To understand the mortgage finance process, you must first try to understand the basic idea behind mortgages.
Mortgage – Definition
It is a legal agreement that conveys the conditional right of ownership of an asset or property by its owner (the mortgagor) to a lender (the mortgagee) as security for a loan with the condition that the conveyance of the title becomes void upon the repayment of the debt.
Are Mortgages Legally Enforceable?
Yes, they are. In order to be legally enforceable, the mortgage must be for a defined period, and the mortgagor must have the right of redemption on payment of the debt or on before the end of that term.
Why is Mortgage Finance Common?
Here is a list of why it is the most common type of debt instruments:
>> They have a lower rate of interest (because the loan is secured);
>> They are straight forward and have standard procedures; and
>> They have a reasonably long repayment period.
What is a Security Document?
The document by which the agreement is effected is called a “Mortgage Bill of Sale” or simply just a “mortgage.”
What are the Common Mortgage Finance Types?
Real Estate Mortgage – Virtually any legally owned property can be mortgaged, although real property (land and buildings) are the most common.
Chattel Mortgage – When personal property (appliances, cars, jewellery, etc.) is mortgaged, it is called a chattel mortgage.
Second Mortgage – There are situations where it is possible to obtain finance when there is already an existing mortgage associated with the property.
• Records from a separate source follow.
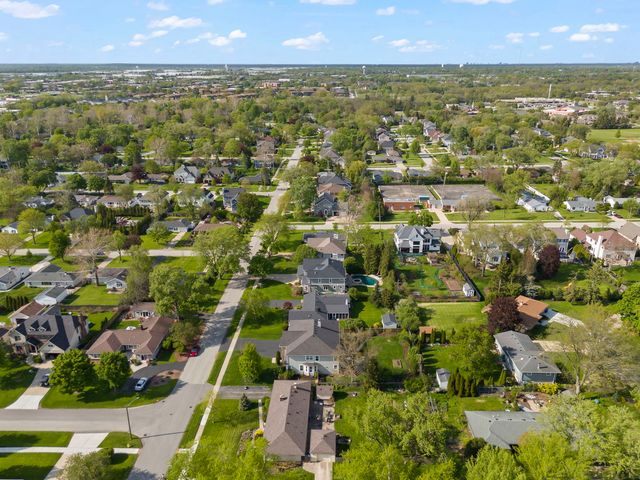 1711 Driving Park Road, Wheaton, IL 60187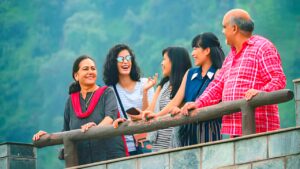 Travel Guide : ভ্রমণে যাচ্ছেন বয়স্ক বাবা-মাকে নিয়ে? একটা ভুলেই ভেস্তে যেতে পারে পুরো ট্রিপ!
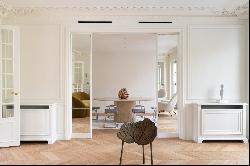 Paris 7th District – An elegant 4/5 bed apartment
It is not unusual for real estate laws to require that the holder of the first mortgage agree to the creation of a second mortgage.
Who has the Right of Possession?
For real property, vehicles, and equipment, etc., the right of possession and use of the mortgaged item normally remains with the mortgagor. But, the mortgagee has the right to take possession at any time to protect his/her security interest.
What Happens in the Event of a Default?
In the event of a default, the mortgagee can:
>> Appoint a receiver to manage the property (if it is a business property), or
>> Obtain a foreclosure for a court to take possession and sell the property.
Glossary of Common Terms Used
Mortgagor – the borrower of funds
Mortgagee – the lender/credit provider of funds (e.g. a bank or credit union, etc.)
First Mortgage – a mortgage that has priority over all mortgages and liens except those imposed by law
Second Mortgage – a mortgage that is subordinate to a first mortgage
So, now that you have read this information guide, you should have a good basic understanding of mortgage finance. It will help you in obtaining the right finance for your real-estate property.